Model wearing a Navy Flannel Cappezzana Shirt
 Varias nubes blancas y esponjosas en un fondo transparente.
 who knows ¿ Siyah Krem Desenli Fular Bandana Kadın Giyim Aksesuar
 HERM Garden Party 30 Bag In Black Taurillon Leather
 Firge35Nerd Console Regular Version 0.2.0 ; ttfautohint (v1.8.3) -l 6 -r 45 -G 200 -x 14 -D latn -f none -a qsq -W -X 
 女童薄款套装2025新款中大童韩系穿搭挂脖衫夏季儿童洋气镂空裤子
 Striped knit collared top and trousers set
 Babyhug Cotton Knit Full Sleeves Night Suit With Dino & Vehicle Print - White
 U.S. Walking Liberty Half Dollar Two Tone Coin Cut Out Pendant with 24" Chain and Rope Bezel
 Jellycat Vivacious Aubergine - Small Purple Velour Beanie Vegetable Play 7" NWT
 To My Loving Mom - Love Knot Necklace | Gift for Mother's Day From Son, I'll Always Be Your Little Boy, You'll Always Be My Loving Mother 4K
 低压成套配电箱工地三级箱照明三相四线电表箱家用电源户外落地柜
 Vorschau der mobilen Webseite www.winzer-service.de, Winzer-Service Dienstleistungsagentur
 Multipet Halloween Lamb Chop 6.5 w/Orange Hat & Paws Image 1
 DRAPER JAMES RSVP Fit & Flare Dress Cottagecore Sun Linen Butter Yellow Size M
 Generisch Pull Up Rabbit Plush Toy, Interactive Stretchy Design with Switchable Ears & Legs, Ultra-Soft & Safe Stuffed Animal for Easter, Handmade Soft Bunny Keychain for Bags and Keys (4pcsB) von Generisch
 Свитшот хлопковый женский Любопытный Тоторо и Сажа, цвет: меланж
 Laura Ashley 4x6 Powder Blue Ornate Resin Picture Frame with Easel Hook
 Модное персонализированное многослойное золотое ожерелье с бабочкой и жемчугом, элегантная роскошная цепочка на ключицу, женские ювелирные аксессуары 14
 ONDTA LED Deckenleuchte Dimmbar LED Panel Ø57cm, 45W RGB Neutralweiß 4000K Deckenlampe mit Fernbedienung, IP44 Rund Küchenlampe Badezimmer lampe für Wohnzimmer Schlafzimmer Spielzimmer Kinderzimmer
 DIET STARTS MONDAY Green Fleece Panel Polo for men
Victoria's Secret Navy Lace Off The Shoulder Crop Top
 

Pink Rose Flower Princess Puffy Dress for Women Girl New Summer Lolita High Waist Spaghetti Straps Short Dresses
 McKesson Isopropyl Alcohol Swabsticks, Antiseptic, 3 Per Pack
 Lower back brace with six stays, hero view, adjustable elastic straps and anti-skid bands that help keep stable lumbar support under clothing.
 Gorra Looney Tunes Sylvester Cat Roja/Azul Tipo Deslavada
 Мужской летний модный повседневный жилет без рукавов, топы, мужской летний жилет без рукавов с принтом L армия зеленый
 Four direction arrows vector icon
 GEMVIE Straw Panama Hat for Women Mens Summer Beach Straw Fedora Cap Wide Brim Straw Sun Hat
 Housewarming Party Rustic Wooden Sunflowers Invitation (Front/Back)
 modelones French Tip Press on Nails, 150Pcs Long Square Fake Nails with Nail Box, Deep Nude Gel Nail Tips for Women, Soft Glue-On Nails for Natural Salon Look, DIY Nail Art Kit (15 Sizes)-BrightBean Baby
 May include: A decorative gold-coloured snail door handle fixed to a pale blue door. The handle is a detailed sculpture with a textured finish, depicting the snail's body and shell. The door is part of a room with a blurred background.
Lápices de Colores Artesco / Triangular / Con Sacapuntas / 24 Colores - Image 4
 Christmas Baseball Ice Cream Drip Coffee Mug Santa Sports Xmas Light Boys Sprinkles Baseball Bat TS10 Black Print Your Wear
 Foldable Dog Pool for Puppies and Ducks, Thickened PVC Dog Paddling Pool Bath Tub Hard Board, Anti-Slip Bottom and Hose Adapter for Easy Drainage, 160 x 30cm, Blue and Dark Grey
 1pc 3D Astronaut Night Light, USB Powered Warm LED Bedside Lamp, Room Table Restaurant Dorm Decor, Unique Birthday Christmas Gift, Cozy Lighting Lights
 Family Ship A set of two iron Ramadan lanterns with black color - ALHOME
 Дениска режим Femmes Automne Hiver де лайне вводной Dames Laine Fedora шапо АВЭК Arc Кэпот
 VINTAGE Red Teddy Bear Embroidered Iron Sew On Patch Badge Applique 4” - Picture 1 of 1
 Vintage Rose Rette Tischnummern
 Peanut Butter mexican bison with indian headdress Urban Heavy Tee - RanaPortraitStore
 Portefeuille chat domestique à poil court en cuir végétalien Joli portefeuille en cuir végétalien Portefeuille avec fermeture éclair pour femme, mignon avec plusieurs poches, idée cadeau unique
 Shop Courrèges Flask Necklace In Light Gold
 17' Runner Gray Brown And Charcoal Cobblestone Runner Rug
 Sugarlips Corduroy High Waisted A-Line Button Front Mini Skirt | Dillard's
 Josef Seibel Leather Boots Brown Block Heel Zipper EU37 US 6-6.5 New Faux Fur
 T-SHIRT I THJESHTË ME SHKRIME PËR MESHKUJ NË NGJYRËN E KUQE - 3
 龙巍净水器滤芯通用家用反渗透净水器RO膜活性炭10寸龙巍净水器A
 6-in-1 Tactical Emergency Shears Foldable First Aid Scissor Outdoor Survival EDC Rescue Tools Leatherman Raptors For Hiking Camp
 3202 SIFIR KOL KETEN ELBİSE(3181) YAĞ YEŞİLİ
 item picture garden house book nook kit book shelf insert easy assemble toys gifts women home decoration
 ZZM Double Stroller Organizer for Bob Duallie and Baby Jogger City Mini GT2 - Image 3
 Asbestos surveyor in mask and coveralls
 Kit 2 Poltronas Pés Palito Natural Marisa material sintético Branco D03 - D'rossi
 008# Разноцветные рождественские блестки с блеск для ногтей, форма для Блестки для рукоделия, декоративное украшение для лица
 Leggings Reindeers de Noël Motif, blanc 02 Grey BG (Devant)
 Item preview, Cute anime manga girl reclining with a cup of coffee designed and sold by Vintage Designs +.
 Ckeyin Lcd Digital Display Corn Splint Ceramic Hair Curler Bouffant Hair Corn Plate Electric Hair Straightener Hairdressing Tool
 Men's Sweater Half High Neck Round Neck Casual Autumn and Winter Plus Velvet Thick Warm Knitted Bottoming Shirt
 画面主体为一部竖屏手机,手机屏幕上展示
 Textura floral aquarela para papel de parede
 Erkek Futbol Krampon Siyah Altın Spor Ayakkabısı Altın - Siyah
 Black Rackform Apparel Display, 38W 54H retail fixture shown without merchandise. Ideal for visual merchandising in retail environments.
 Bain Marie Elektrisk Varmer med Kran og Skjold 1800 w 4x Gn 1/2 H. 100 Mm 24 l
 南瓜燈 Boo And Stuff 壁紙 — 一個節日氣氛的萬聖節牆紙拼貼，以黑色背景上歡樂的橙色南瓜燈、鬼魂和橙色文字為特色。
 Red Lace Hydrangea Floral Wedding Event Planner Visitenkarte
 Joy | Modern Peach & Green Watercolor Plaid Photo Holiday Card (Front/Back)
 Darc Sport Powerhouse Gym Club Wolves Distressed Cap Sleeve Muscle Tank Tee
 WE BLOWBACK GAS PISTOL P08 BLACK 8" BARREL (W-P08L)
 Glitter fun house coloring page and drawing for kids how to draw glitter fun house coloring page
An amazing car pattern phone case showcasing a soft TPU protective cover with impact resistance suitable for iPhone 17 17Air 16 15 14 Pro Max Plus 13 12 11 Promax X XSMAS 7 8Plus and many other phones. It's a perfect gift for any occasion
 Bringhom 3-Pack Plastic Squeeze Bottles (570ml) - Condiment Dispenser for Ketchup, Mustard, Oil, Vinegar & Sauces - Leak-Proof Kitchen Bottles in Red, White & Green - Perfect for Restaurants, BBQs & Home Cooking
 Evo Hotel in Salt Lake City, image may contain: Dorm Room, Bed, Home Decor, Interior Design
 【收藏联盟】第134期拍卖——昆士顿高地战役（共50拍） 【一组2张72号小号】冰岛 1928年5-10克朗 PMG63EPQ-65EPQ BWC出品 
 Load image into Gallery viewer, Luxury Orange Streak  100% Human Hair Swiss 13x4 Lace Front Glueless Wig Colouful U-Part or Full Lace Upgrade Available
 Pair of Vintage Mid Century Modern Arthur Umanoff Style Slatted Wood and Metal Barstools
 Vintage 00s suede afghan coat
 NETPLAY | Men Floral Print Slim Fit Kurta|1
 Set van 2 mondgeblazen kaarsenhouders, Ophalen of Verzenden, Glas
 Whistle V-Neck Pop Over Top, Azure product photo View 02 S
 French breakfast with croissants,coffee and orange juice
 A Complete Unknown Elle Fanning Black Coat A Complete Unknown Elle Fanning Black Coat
------------------------------------------------------------
WHAT IS NEEDED | Find the string "Mini" in the records, then copy each line where it occurs.

ANSWER SPACE |
 Sugarlips Corduroy High Waisted A-Line Button Front Mini Skirt | Dillard's
 ZZM Double Stroller Organizer for Bob Duallie and Baby Jogger City Mini GT2 - Image 3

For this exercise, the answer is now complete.